■ **What you have to do**: Without reproducing any image, print the listing below exactly.
[[ Information supplied, beginning ]]
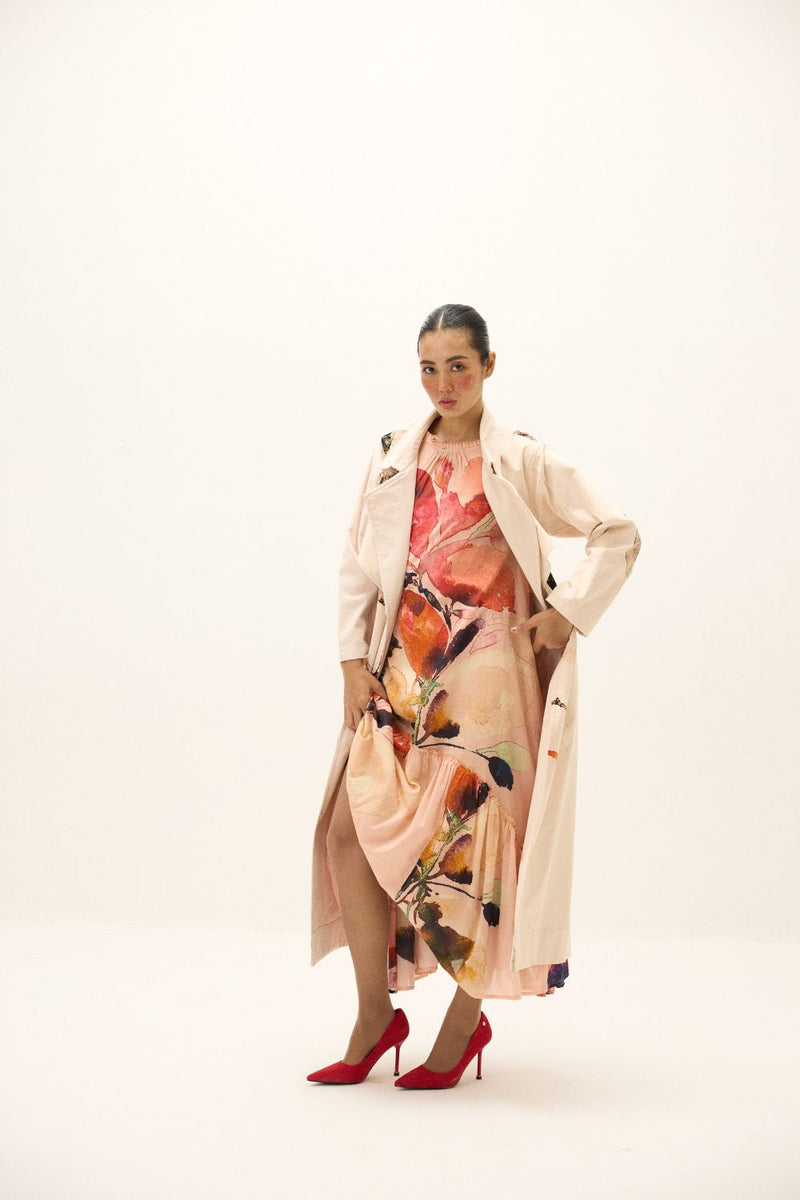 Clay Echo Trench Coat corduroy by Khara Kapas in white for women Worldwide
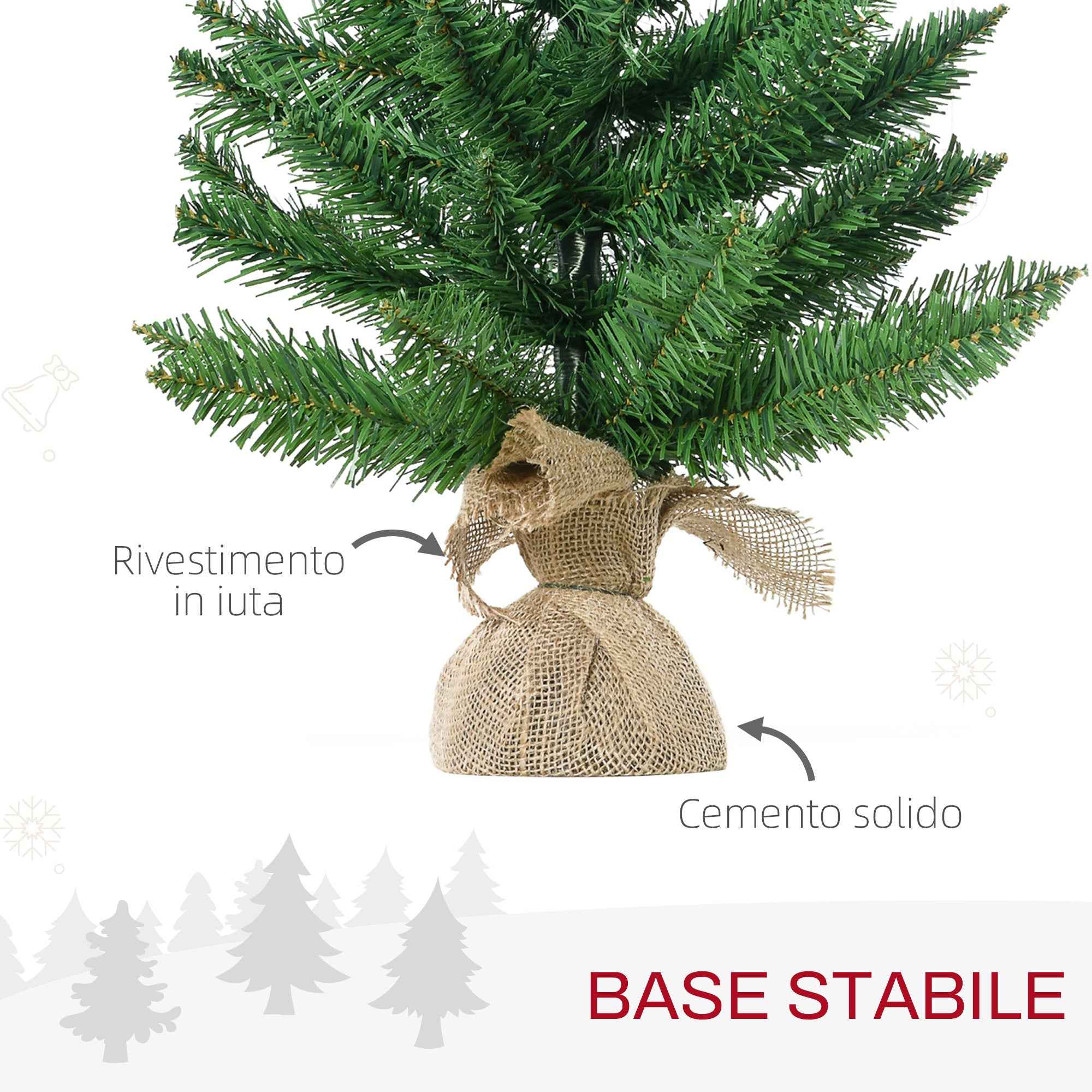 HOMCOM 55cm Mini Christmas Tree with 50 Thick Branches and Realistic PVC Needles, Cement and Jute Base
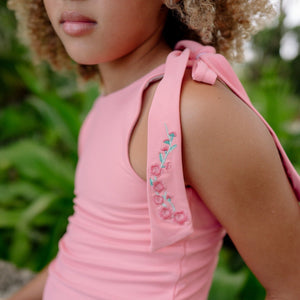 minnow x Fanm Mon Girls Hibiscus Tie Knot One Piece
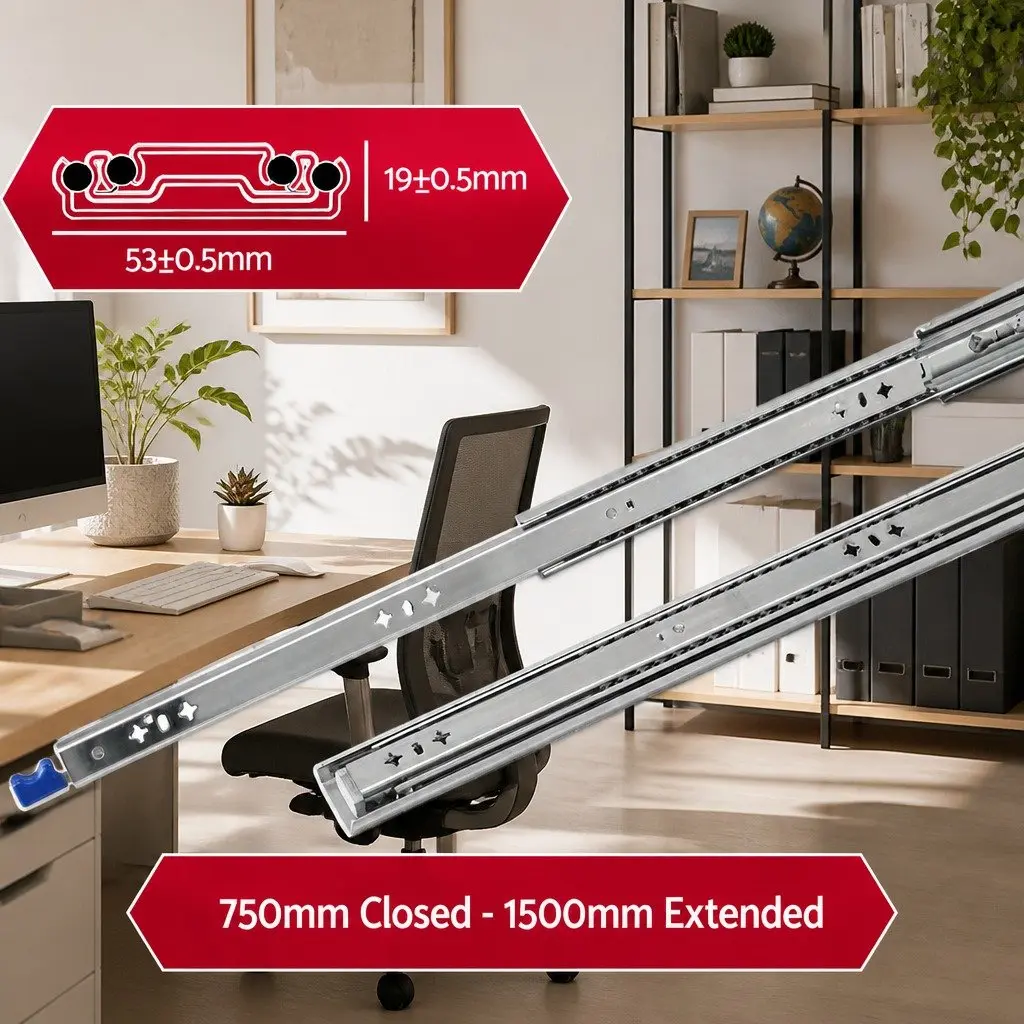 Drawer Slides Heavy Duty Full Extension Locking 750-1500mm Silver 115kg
[[ Information supplied, end ]]
■ **Answer to the problem**:
 Clay Echo Trench Coat corduroy by Khara Kapas in white for women Worldwide
 HOMCOM 55cm Mini Christmas Tree with 50 Thick Branches and Realistic PVC Needles, Cement and Jute Base
 minnow x Fanm Mon Girls Hibiscus Tie Knot One Piece
 Drawer Slides Heavy Duty Full Extension Locking 750-1500mm Silver 115kg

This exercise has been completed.